At least 42 Somali refugees killed in attack off coast of Yemen

The boat was carrying documented Somali refugees who were travelling from Yemen to Sudan. At least 80 survivors were taken to hospital.

The bodies of Somali refugees killed in the attack were taken to the Red Sea port of Hodeidah, Yemen, March 17, 2017.
TRT World and Agencies

The bodies of Somali refugees killed in the attack were taken to the Red Sea port of Hodeidah, Yemen, March 17, 2017.

At least 42 Somali refugees were killed off the coast of Yemen late on Thursday when a helicopter attacked the boat they were travelling in, the International Organization for Migration said on Friday.

"Forty-two bodies recovered," Joel Millman, spokesman for the Geneva-based agency, told AFP in an email after earlier reports put the fatalities at more than 30.

Coast guard Mohamed al-Alay said the refugees were carrying official UNHCR documents. They were on their way from Yemen to Sudan when they were attacked by an Apache helicopter near the Bab el Mandeb strait.

A sailor who had been operating the boat, Ibrahim Ali Zeyad, said 80 refugees were rescued and hospitalised after the incident.

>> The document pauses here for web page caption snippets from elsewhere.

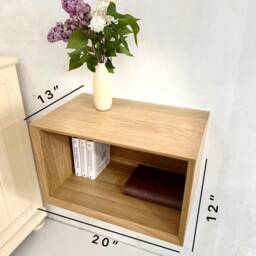Wall Mounted Nightstand, Oak Nightstand With Drawer, Floating Set Of 2, Unique Bookshelf Hanging Pair - thumbnail 3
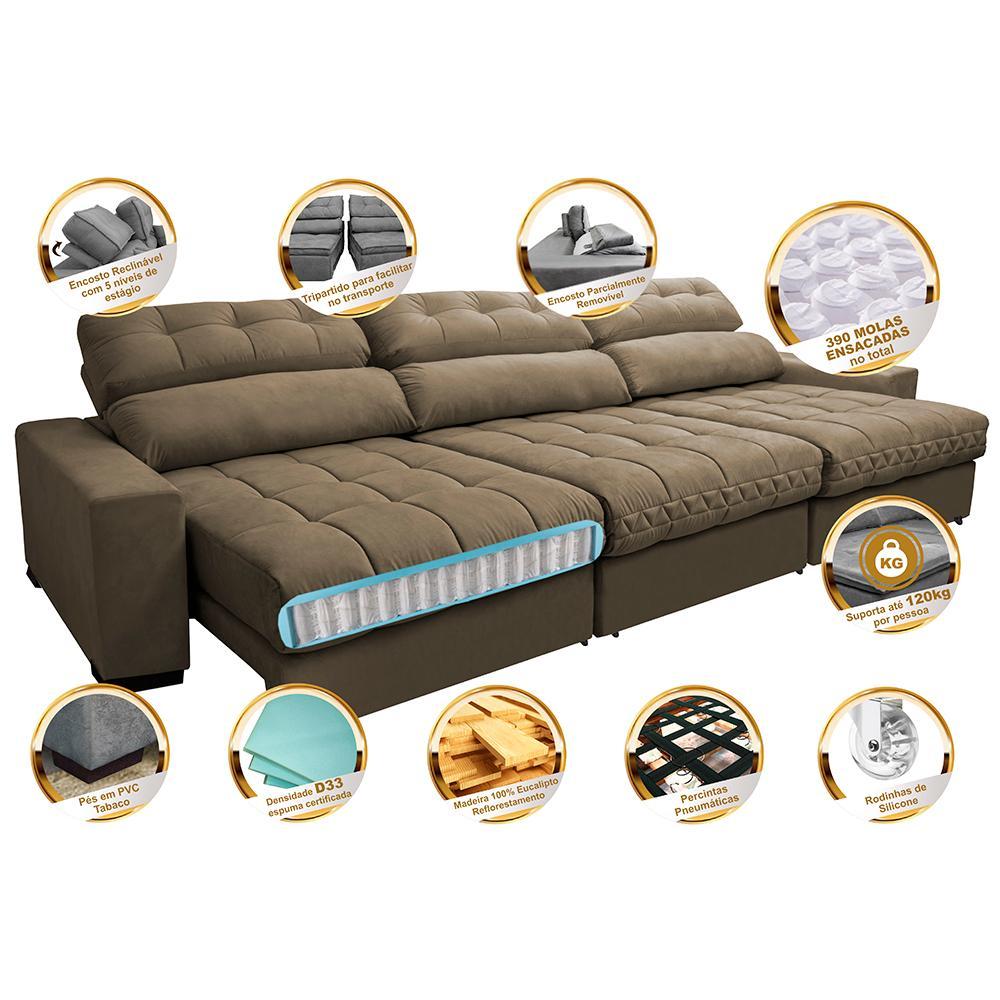 Sofá Retrátil e Reclinável com Molas Ensacadas Cama Inbox Master 3,52m Tecido Suede Castor - 3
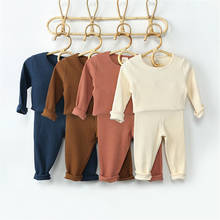 Conjuntos de ropa de chándal para niños y niñas, con cuello redondo Camiseta de manga larga de punto, Tops, pantalones, conjuntos de ropa para bebés de 0 a 7 años 2024 - compra barato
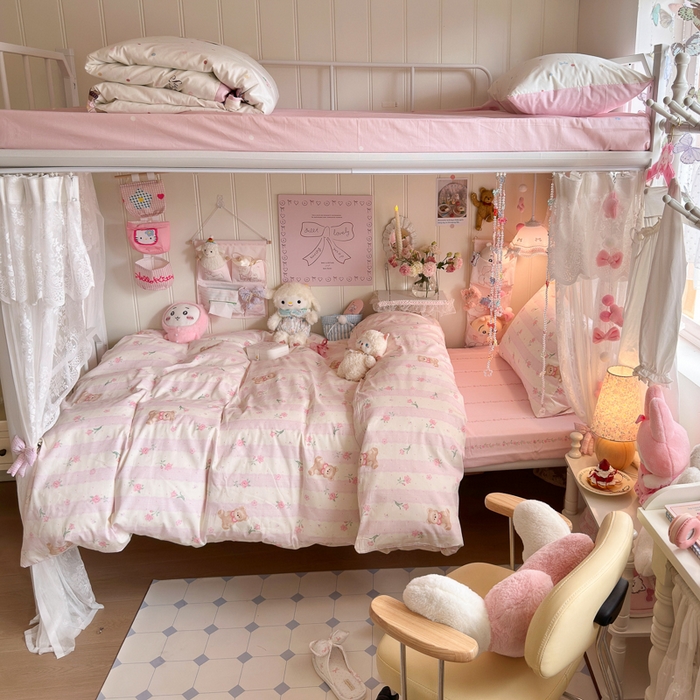 91家纺网 家纺一手货源 找家纺 （总）Sweet dreams甜梦 2025新款学生床全棉纯棉三套件学生三件套宿舍三件套上下铺三件套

It was not immediately clear who carried out the attack.

Hodeidah on the Red Sea is controlled by Iran-allied Houthi fighters who in 2014 overran Yemen's capital Sanaa and forced the Saudi-backed government of President Abd-Rabbu Mansour Hadi to flee into exile.

A Saudi-led coalition was formed in 2015 to fight the Houthis and troops loyal to former President Ali Abdullah Saleh who have fired missiles into neighbouring Saudi Arabia.

The Bab el Mandeb is a strategic waterway at the foot of the Red Sea through which nearly 4 million barrels of oil are shipped daily to Europe, the United States and Asia.